Spatial Independent Component Analysis (ICA) decomposes the time by space
functional MRI (fMRI) matrix into a set of 1-D basis time courses and their
associated 3-D spatial maps that are optimized for mutual independence. When
applied to resting state fMRI (rsfMRI), ICA produces several spatial
independent components (ICs) that seem to have biological relevance - the
so-called resting state networks (RSNs). The ICA problem is well posed when the
true data generating process follows a linear mixture of ICs model in terms of
the identifiability of the mixing matrix.

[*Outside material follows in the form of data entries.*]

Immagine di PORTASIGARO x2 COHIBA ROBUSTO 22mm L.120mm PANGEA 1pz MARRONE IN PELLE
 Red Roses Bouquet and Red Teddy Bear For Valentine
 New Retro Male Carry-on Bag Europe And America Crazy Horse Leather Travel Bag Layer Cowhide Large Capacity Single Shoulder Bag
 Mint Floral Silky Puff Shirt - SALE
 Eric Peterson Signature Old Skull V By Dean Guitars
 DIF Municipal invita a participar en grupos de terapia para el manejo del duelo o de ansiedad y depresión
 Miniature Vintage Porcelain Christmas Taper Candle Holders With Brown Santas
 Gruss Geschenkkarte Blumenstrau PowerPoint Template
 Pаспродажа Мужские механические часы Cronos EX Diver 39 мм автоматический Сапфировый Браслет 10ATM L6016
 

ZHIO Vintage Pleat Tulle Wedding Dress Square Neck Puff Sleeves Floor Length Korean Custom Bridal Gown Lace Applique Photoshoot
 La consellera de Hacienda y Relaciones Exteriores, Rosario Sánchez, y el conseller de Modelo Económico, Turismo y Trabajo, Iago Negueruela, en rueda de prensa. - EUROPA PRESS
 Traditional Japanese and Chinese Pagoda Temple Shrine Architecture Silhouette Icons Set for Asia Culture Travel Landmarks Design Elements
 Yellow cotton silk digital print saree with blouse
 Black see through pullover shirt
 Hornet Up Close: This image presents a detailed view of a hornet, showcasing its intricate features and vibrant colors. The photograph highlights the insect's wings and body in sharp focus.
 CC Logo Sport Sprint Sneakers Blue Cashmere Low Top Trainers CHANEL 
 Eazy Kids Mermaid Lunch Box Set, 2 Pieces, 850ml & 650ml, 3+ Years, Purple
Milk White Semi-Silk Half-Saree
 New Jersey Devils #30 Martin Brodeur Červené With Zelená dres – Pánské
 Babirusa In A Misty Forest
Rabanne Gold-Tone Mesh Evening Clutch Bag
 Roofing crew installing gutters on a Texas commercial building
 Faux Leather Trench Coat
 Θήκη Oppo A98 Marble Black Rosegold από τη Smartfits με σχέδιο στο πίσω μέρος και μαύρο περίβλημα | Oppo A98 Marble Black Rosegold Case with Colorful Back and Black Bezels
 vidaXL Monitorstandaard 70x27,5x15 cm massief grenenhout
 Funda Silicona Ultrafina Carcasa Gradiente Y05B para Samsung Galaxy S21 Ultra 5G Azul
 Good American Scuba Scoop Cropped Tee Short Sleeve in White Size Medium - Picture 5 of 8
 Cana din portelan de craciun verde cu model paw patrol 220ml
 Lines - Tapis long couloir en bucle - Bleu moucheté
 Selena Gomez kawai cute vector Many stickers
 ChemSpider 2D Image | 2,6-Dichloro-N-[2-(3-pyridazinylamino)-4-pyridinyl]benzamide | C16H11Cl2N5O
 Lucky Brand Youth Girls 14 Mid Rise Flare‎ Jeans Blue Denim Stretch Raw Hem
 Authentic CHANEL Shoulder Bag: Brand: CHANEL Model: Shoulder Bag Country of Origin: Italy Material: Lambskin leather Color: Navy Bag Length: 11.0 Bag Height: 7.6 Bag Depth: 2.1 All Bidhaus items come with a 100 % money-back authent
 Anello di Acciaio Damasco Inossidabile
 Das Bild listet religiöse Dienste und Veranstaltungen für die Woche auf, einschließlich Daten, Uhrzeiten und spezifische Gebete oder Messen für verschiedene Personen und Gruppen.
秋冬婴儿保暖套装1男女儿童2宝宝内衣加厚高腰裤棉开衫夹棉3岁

However, the contrast function used
for promoting mutual independence in ICA is dependent on the finite amount of
observed data and is potentially non-convex with multiple local minima. Hence,
each run of ICA could produce potentially different IC estimates even for the
same data. One technique to deal with this run-to-run variability of ICA was
proposed by Yang et al. (2008) in their algorithm RAICAR which allows for the
selection of only those ICs that have a high run-to-run reproducibility. We
propose an enhancement to the original RAICAR algorithm that enables us to
assign reproducibility p-values to each IC and allows for an objective
assessment of both within subject and across subjects reproducibility. We call
the resulting algorithm RAICAR-N (N stands for null hypothesis test), and we
have applied it to publicly available human rsfMRI data (http://www.nitrc.org).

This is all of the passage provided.